▶ _Task prompt_:
Copy each line below word for word and drop every image.

▶ _Given data_:
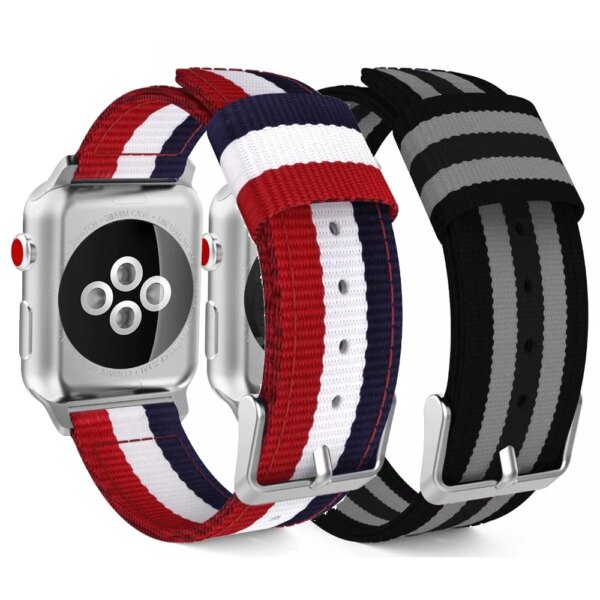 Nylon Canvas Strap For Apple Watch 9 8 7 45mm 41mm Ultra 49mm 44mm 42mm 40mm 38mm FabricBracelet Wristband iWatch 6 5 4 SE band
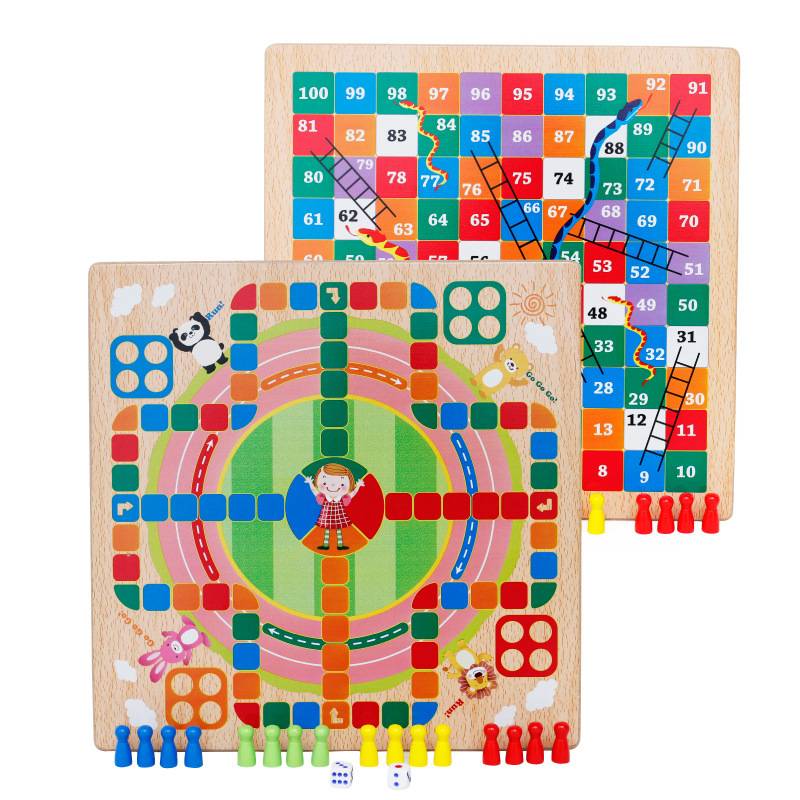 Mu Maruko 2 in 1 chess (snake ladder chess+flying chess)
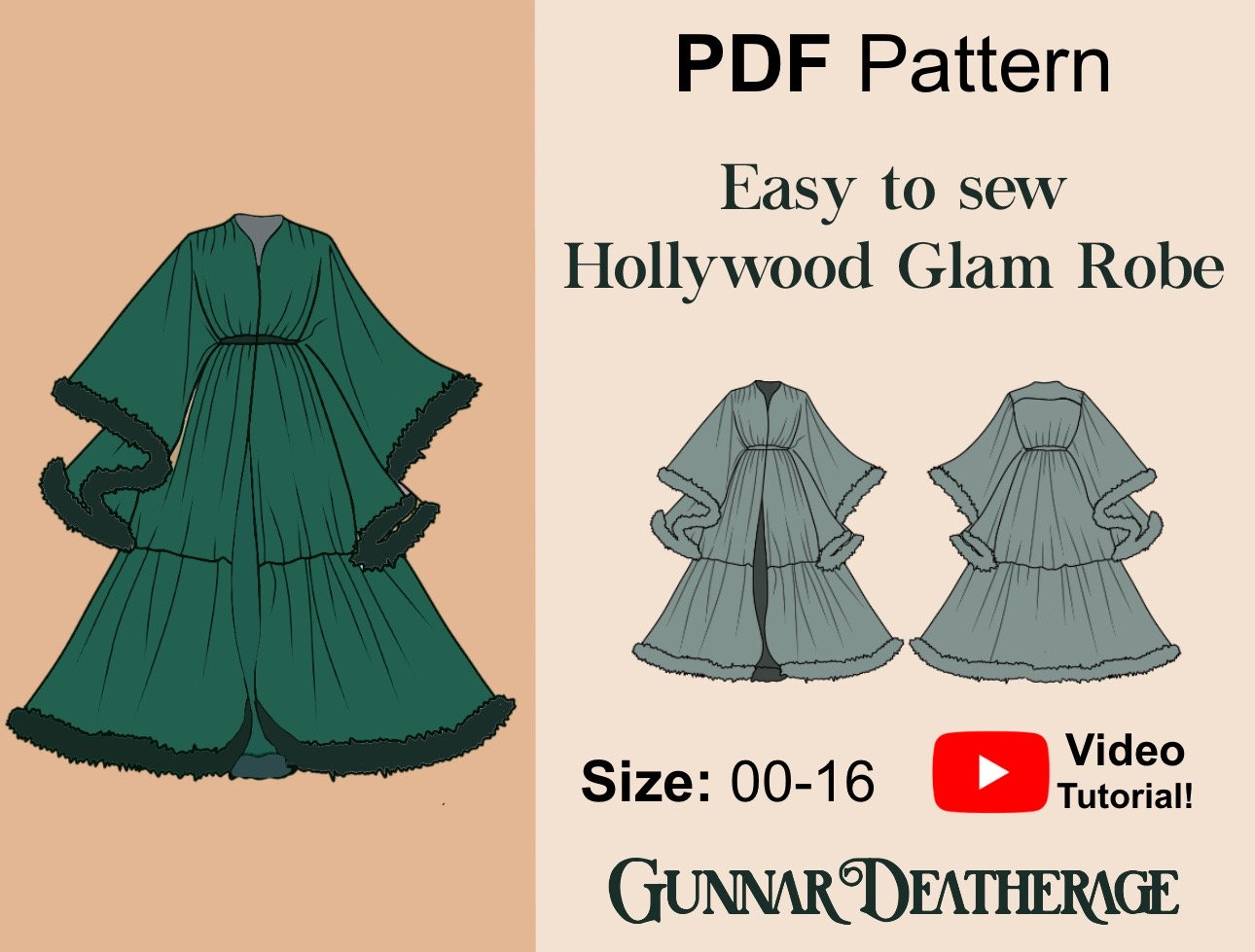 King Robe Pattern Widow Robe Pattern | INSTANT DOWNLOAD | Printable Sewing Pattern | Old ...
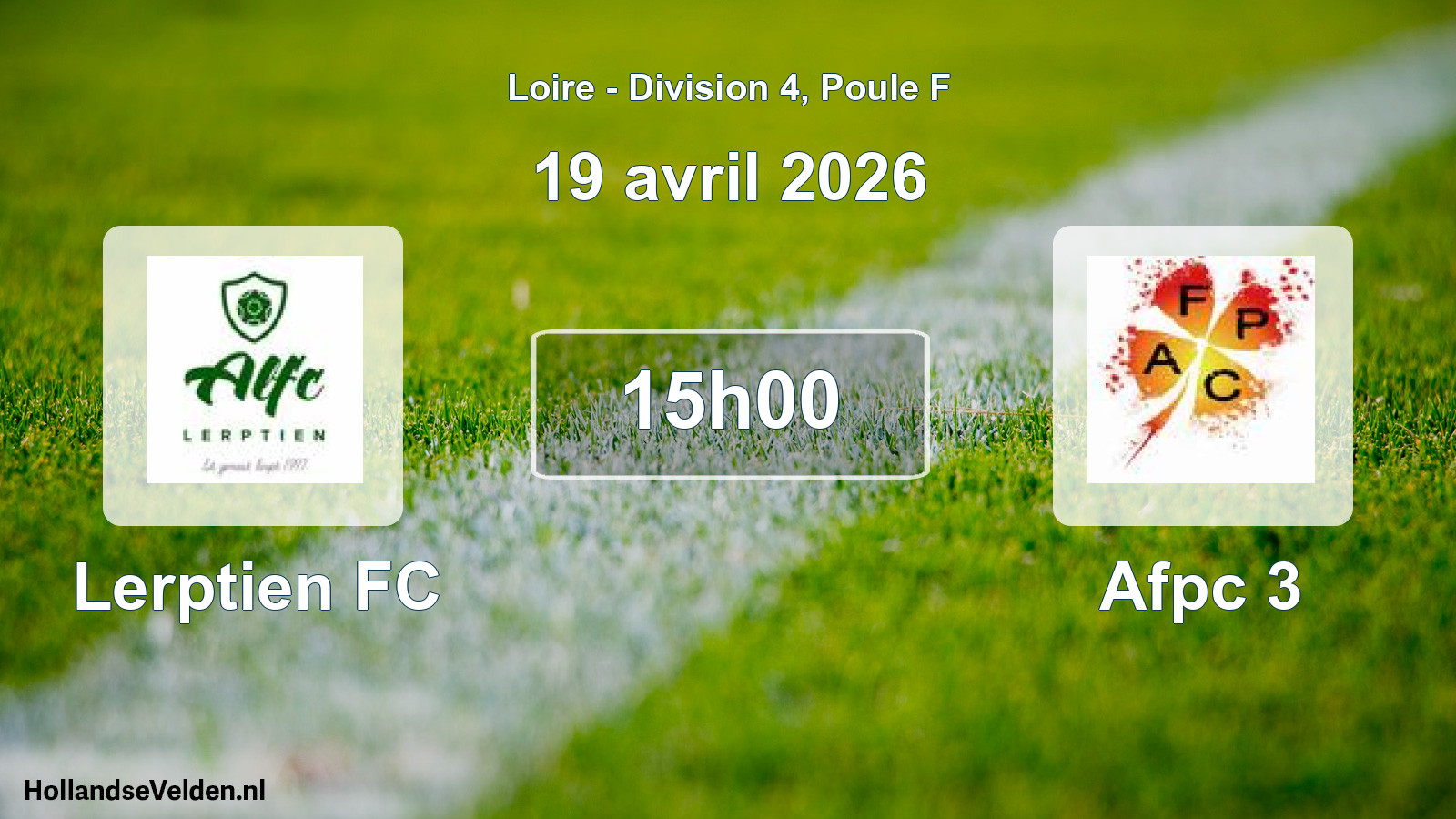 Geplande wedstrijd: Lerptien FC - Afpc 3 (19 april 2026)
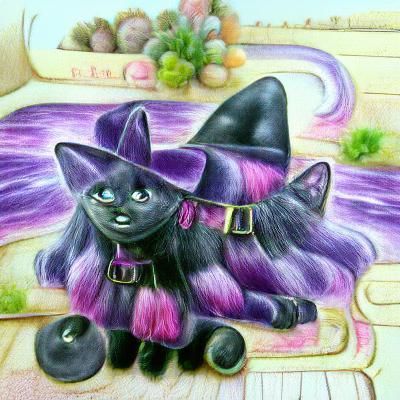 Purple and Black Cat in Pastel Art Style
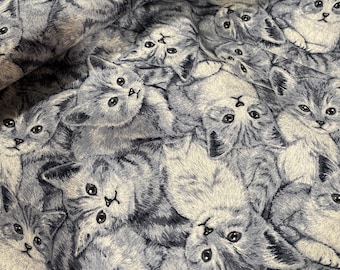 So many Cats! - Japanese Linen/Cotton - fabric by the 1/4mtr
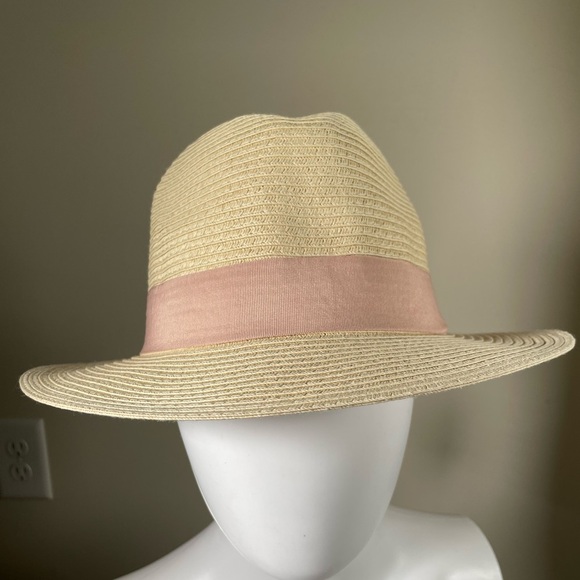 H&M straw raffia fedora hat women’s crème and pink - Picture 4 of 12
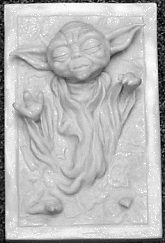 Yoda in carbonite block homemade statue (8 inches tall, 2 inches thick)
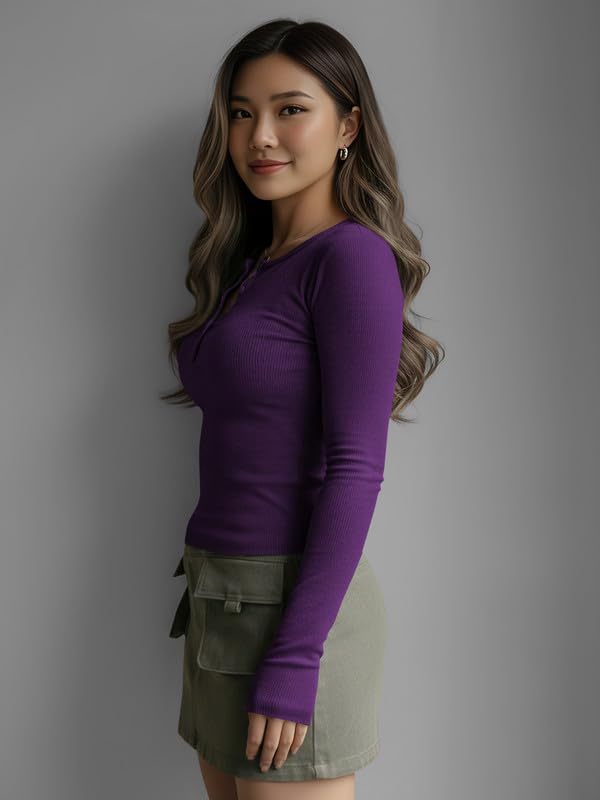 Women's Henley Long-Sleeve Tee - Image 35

▶ _Solution for this task_:
 Nylon Canvas Strap For Apple Watch 9 8 7 45mm 41mm Ultra 49mm 44mm 42mm 40mm 38mm FabricBracelet Wristband iWatch 6 5 4 SE band
 Mu Maruko 2 in 1 chess (snake ladder chess+flying chess)
 King Robe Pattern Widow Robe Pattern | INSTANT DOWNLOAD | Printable Sewing Pattern | Old ...
 Geplande wedstrijd: Lerptien FC - Afpc 3 (19 april 2026)
 Purple and Black Cat in Pastel Art Style
 So many Cats! - Japanese Linen/Cotton - fabric by the 1/4mtr
 H&M straw raffia fedora hat women’s crème and pink - Picture 4 of 12
 Yoda in carbonite block homemade statue (8 inches tall, 2 inches thick)
 Women's Henley Long-Sleeve Tee - Image 35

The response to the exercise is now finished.